Profile-driven static compilation
Although dynamic approaches can rely on user behavior to better optimize the application, they usually face two problems: There is not enough time to run complex optimization algorithms at runtime. Even in AOT’s case, the user’s patience is limited at installation time. They have access to only one user’s usage of the application, and that knowledge is not always usable across multiple runs of the same application by the same user. There are cases where the Optimizer prefers statistically significant insights in the application usage for better and lower-overhead optimization.
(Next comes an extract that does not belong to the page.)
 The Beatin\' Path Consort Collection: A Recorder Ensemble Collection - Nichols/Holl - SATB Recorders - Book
For example, to better optimize the two branches of a conditional block, it would help to know the likelihood of each branch being taken. This data, along with the knowledge of how branch predictor works in the target device, can help the Optimizer to generate better code. There are also cases where the Optimizer can make speculative decisions, but needs to ensure the overall performance of the application is helped. To address this issue, profile-driven (a.k.a profile-guided) static compilation approaches rely on collecting a usage profile of the application in different scenarios in order to better optimize the application. However:
|The Optimizer and Backend can use application behavior by potentially multiple users to optimize the application better.||The Backend still does not know about all possible target devices and cannot use all possible instructions available in all machines.|
|Since the profile based decisions are hard coded in the application, if over time the user behavior changes, the application cannot adapt itself to it.|
Optimization during delivery
In the world of the web and rapidly-changing connected applications, the application is constantly delivered to all users. This opens the door for an interesting new way of running compilers and optimizers during delivery time.
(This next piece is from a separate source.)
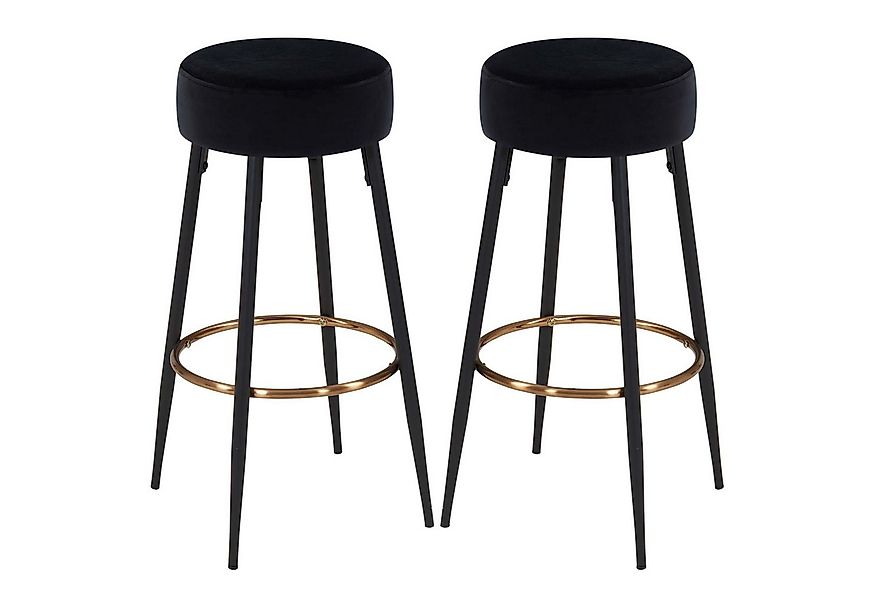 Duhome Barhocker (5168F), Barstühle 2er Set Runde Tresenhocker Samt Bistroh günstig online kaufen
This is almost like having the profile-driven compilation approach, with the difference that the optimizations can be constantly updated based on the set of observed devices and user behaviors. As such:
|The Optimizer runs offline on powerful servers (in the cloud), therefore there is no major time constraint and it can run complex algorithms as it sees fit.|
|The Optimizer can collect and deploy many different user behaviors and also quickly adapts to the changes it observes in the data.|
|The Optimizer and Backend can generate different versions for each device and then deliver the right version to that device.|
Depending on the type of optimization, the input/output formats may be the same or different. For example, in the case of HTML Streaming, the input is the HTML page that is being served to the user. Our service monitors the contents of the HTML pages and extracts the common parts of the page which then caches and sends it faster to users. In other words, the service parses the HTML, creates a model of the page, modifies this model, and then generates modified HTML to be served to the user (frontend + optimization + backend).
In the case of Image Streaming, the input format might be a bitmap which then the Instart Logic service converts to progressive JPEG and then streams. In this case, input images are decoded, modified in the memory, and then encoded into the proper format (again, frontend + optimization + backend).
Instart Logic's compilation strategy is cloud-based, implicitly crowd-sourced, adaptive based on data analytics and machine learning, and targets web and mobile. When was the last time you worked on a project that touches on so many cool and hot topics!